Bobby Triani came on a moment later.
“Yeah,” he said.
“What happened?”
“He went to bed right after supper, woke up around nine thirty with first a pain in his arm and his shoulder, and then chest pains, and like he’s burping, you know? Something’s repeating on him. He called Ida, told her what was happening, but he figured it was something he ate. A little acida, you know? Anyway, Ida got worried, you know how she’s been about him ever since her mother died. She tells me get dressed, we’re going over his house. This is now around a quarter to ten. We went there, the pains are really serious now, he tells us it’s like an elephant is standing on his chest. So I called the ambulance, and they took him straight to the emergency room. They were working on him for almost an hour, Andrew, but they couldn’t do nothin’, this stuff they gave him couldn’t dissolve the clot, the strepto whatever they call it.”
“How’s Ida taking this?”
“Hard.”
“Tell her I’ll be right there.”
“I will, Andrew.”
“Tell me what hospital you’re at.”
He debated calling Billy at home, figured by the time he got to Great Neck with the Lincoln, he could already be oh his way in the Acura. He was out of the house in ten minutes flat.
The Cross Island was empty at this hour of the night.
Snow was banked high on either side of the narrow cleared lanes. His headlights threw long bright tunnels into the darkness.
In many respects, he’d always been closer to Ida than he had to his own sisters. Angela was four when he was born, and Carol was two. A sort of twinship existed between them before he arrived on the scene, and although they lavished hugs and kisses and cuddly language on their cute little baby brother, he found it difficult to break into their cozy little gang when he was older, and seeking true companionship.
Ida, on the other hand, was born two months after he was, and she was the one who became his constant playmate and confidante.

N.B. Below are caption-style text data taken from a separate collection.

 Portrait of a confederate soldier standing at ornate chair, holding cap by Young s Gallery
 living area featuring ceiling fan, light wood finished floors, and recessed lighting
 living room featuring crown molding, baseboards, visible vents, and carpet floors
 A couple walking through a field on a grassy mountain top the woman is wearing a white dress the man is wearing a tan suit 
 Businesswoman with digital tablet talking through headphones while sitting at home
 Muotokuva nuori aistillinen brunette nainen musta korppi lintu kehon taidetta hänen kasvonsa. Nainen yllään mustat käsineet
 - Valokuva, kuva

Uncle Rudy and Aunt Concetta lived close by, and the two brothers and their families were constantly in each other’s houses. On Sundays, too, the entire family gathered in the big old house on Long Island’s North Shore, where Grandma and Grandpa had moved when they closed the bakery in Coney Island. Andrew’s sisters secretly signed with their hands in the deaf language they’d learned from the encyclopedia, but Andrew didn’t care because he had Ida.

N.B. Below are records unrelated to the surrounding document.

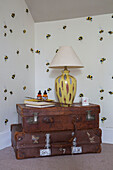 Lamp and feather on brown leather suitcases with bee patterned wallpaper in Kelso home Scotland UK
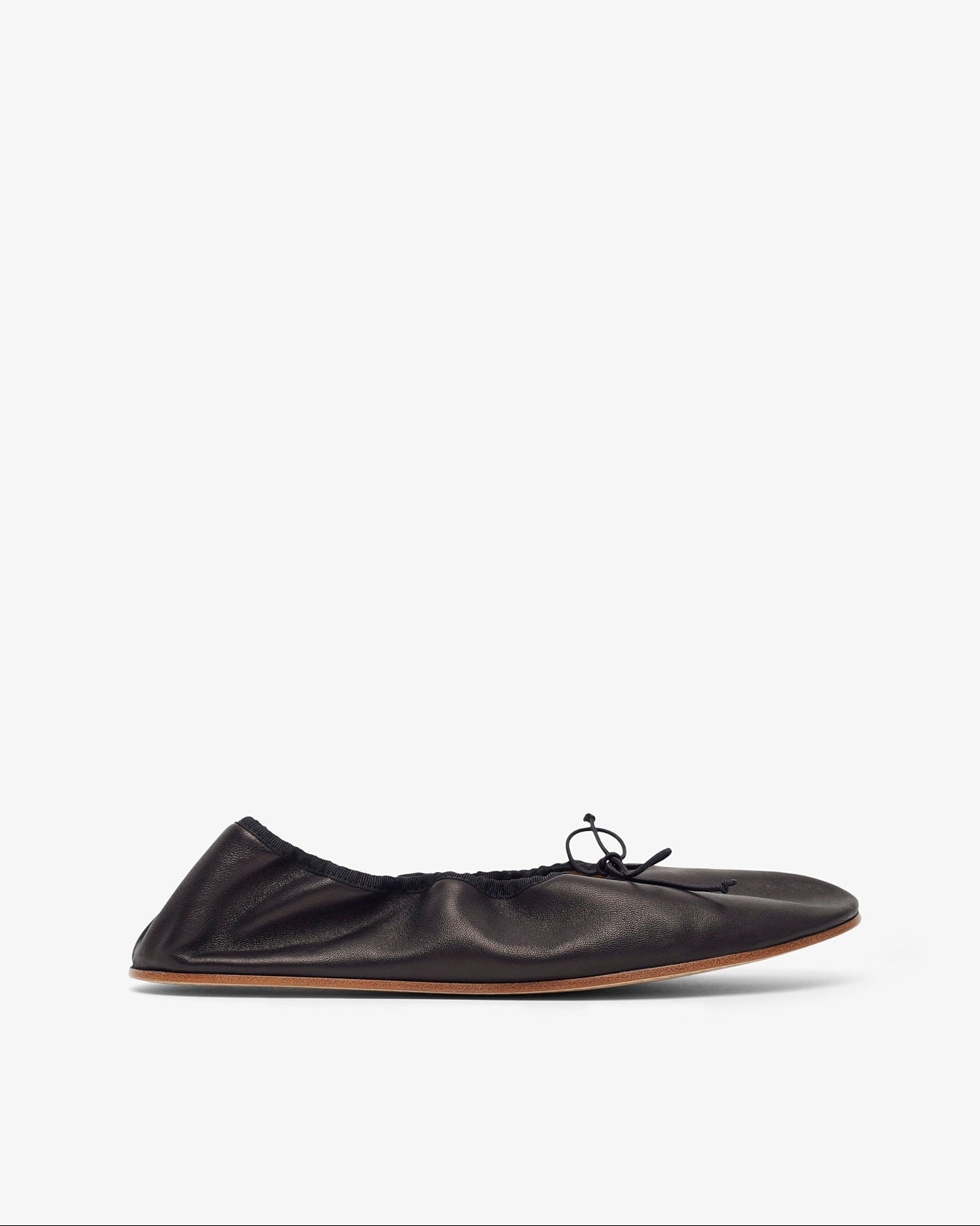 Black leather flat shoe on a white background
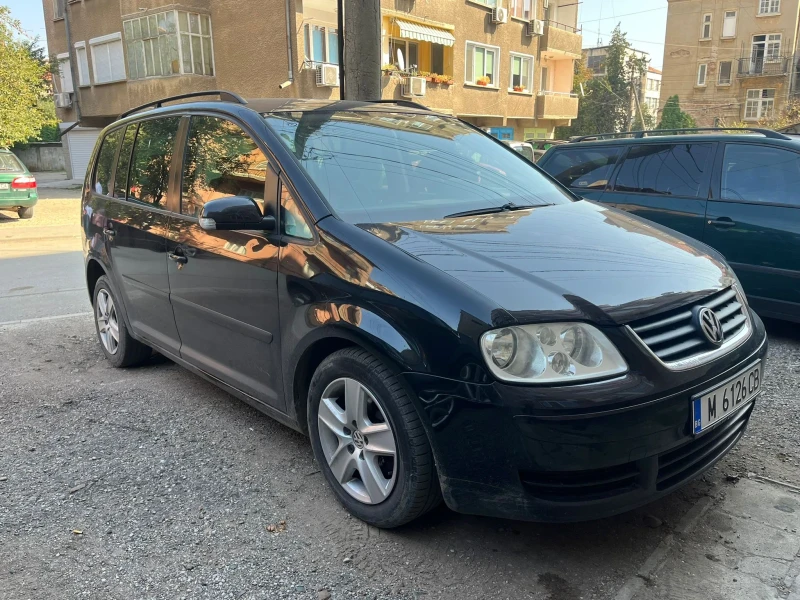 VW Touran 1.9 ТДИ 131 кс 7 места обслужен от до , снимка 2 - Автомобили и джипове - 47315079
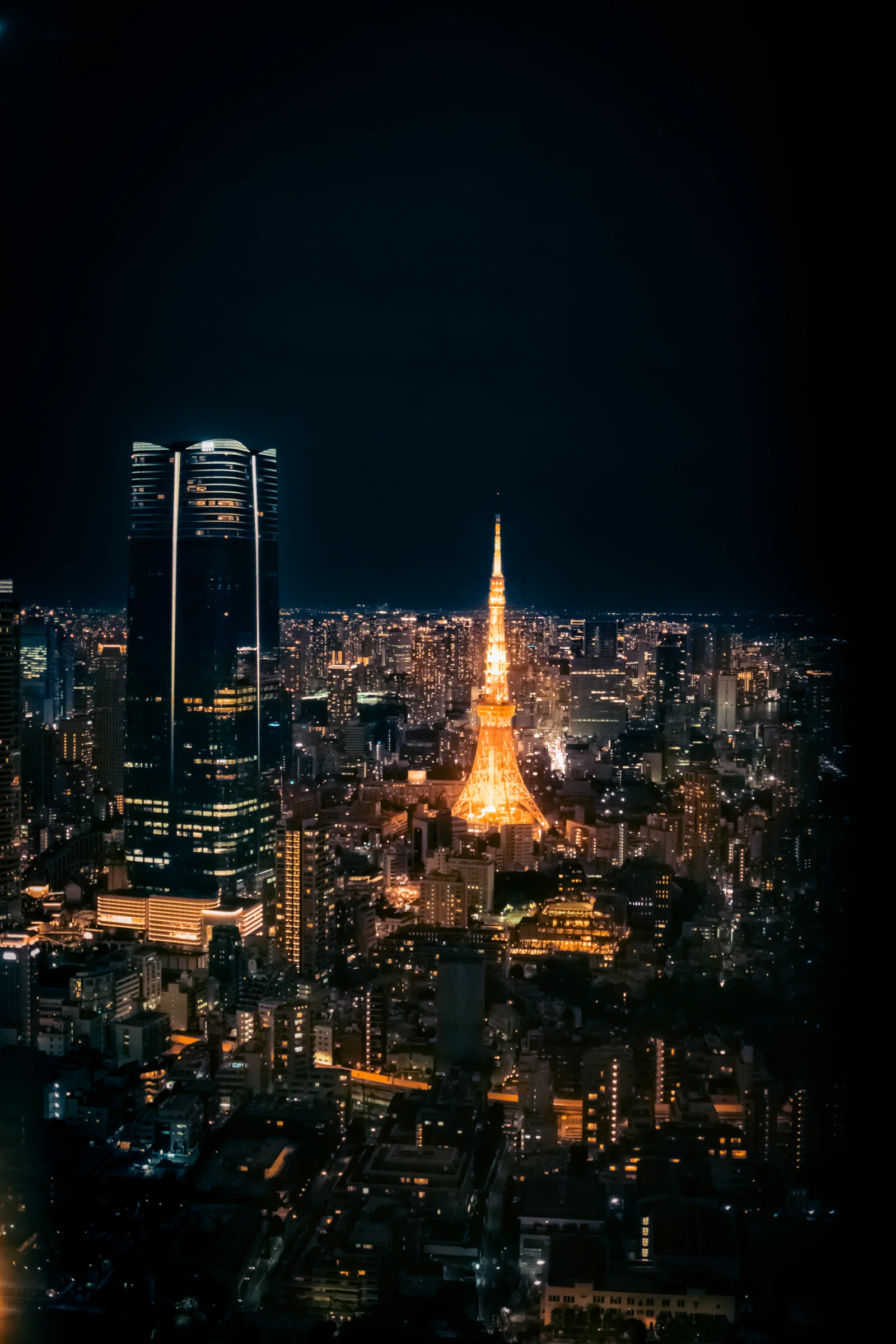 An illuminated Tokyo Tower stands among buildings and city lights at night.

Dark-haired, dark-eyed Ida, who resembled her father more than she did her mother, with the same nose Andrew later saw on paintings made during the Italian Renaissance. Andrew was still a blond little boy at the time — his hair didn’t begin turning first muddy and then chestnut brown till he was twelve or thirteen — but Uncle Rudy used to call them “Ike and Mike,” and then invariably would add, “They look alike,” though they didn’t resemble each other at all. He was referring to their closeness, Andrew later realized.

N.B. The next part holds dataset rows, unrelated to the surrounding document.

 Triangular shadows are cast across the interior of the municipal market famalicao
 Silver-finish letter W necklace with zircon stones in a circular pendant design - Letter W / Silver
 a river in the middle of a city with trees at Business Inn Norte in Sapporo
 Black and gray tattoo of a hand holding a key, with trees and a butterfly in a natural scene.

He’d lost touch with Ida over the years.
As he sped through the night to where she now waited for him at the hospital, he remembered the time she broke his head with a pocketbook when they were both six and he’d been teasing her about something. Wham, she’d swung her little red leather bag at him, and the clasp hit him on the back of the head and drew blood.